Task requirements
Output only these lines, set down exactly: the one containing "Kids Baby Meisjes" and each line after it through the end of the records.

Materials provided
- Opening Delimiter -
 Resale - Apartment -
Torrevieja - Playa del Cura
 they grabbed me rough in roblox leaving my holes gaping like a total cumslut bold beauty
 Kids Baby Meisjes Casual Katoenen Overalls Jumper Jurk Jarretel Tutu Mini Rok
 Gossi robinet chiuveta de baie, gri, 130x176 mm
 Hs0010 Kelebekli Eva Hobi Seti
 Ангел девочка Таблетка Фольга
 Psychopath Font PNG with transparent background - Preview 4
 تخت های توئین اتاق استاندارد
- Closing Delimiter -
Your solution
 Kids Baby Meisjes Casual Katoenen Overalls Jumper Jurk Jarretel Tutu Mini Rok
 Gossi robinet chiuveta de baie, gri, 130x176 mm
 Hs0010 Kelebekli Eva Hobi Seti
 Ангел девочка Таблетка Фольга
 Psychopath Font PNG with transparent background - Preview 4
 تخت های توئین اتاق استاندارد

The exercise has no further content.